Sosa is a former municipality in the western Ore Mountains, in the Erzgebirgskreis, Saxony, Germany. It is a state-recognized health resort, that has belonged to the town Eibenstock since 1 January 2011.

== Geography ==
Sosa lies on both sides of the like-named Sosabach at an elevation of between 550 and 817 m above sea level. Also in the community is the Rote Grube (“Red Mine”).

== History ==
Sosa began as a forest village (Waldhufendorf). In 1453 it was first mentioned as Sossaw, although its beginnings are believed to have been in the 13th century. The people originally worked the land; however, from the 18th century onwards, mining gained in importance. In the second half of the 19th century, mining was diminishing in importance, and many migrated to the Zwickau coalfields.
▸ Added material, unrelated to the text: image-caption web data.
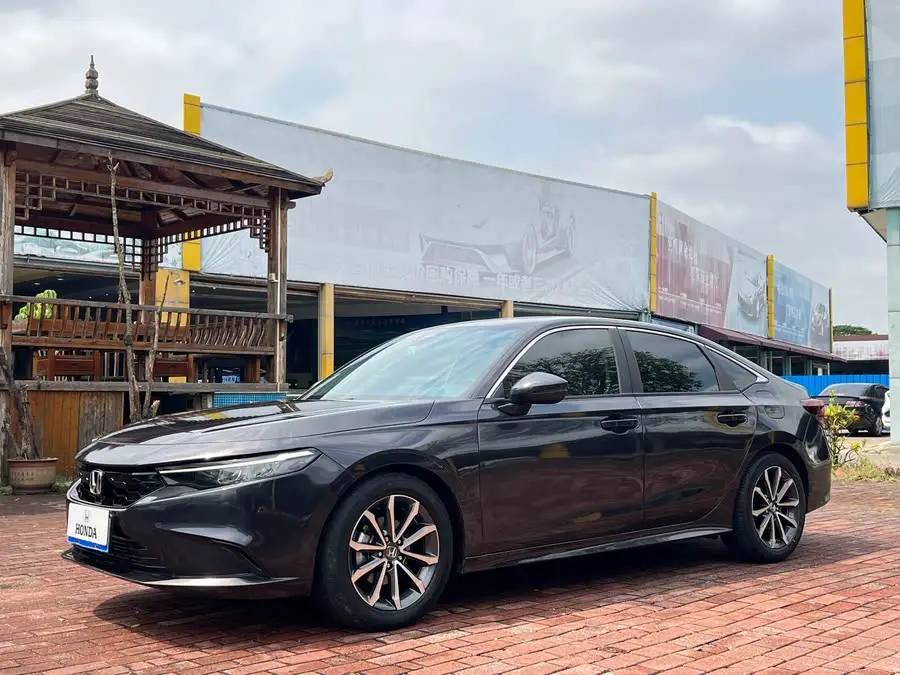 2023 Model 240TURBO CVT Luxury Edition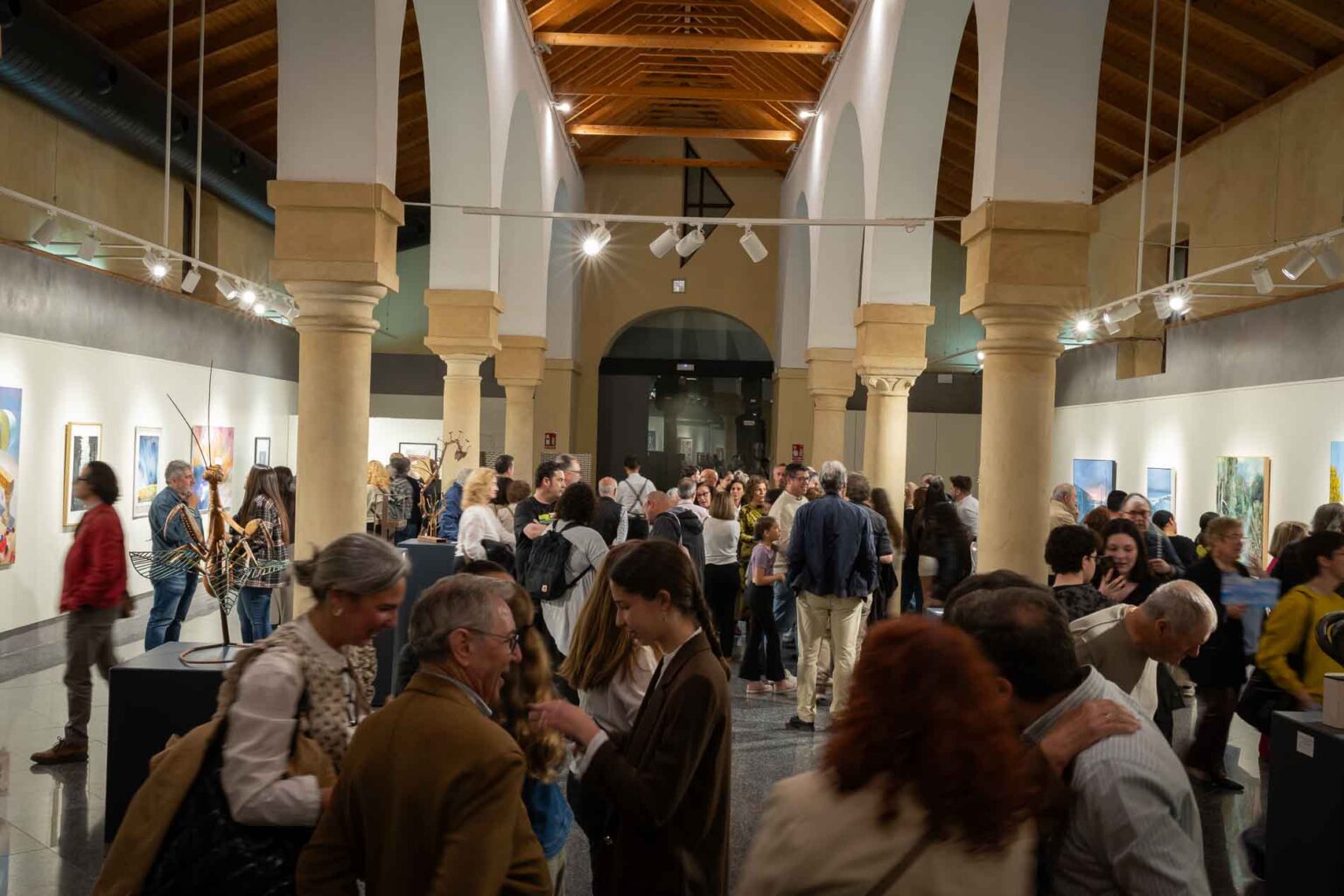 Vista elevada del público durante la inauguración de Ventana Plástica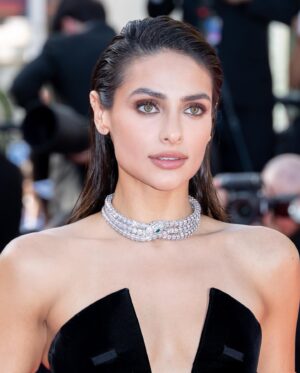 Renata Notni Instagram - Que orgullo estar aquí representando a México de la mano de mi familia @lorealparis 
Gracias por invitarme a vivir esta noche mágica rodeada de mujeres que me inspiran y admiro tanto. #lorealpariscannes 
#Lightsonwomen #Worthit #Cannes2023
#Cannesfilmfestival
@bulgari @giorgioarmani @_freddyalonso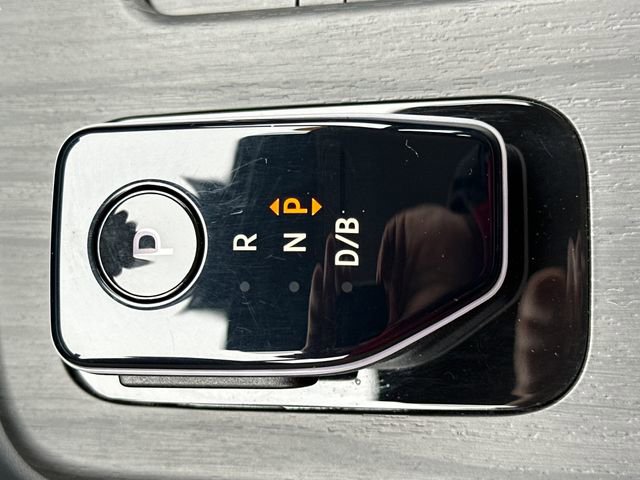 Used 2024 Nissan Ariya AWD image 19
There was a short revival between 1947 and 1956 when the Soviet-German Wismut Corporation (Sowjetisch-Deutsche Aktiengesellschaft Wismut, or SDAG Wismut) mined uranium here, bringing about a new upswing. From 1952 to 1990, Sosa was part of the Bezirk Karl-Marx-Stadt of East Germany.

=== Population development ===
Development of population figures (31 December):

 Source from 1998 on: Statistisches Landesamt des Freistaates Sachsen

== Culture and sightseeing ==
Between 1949 and 1952, the Sosa Reservoir was built. Its dam is almost 60 m high and its area is 39.3 ha.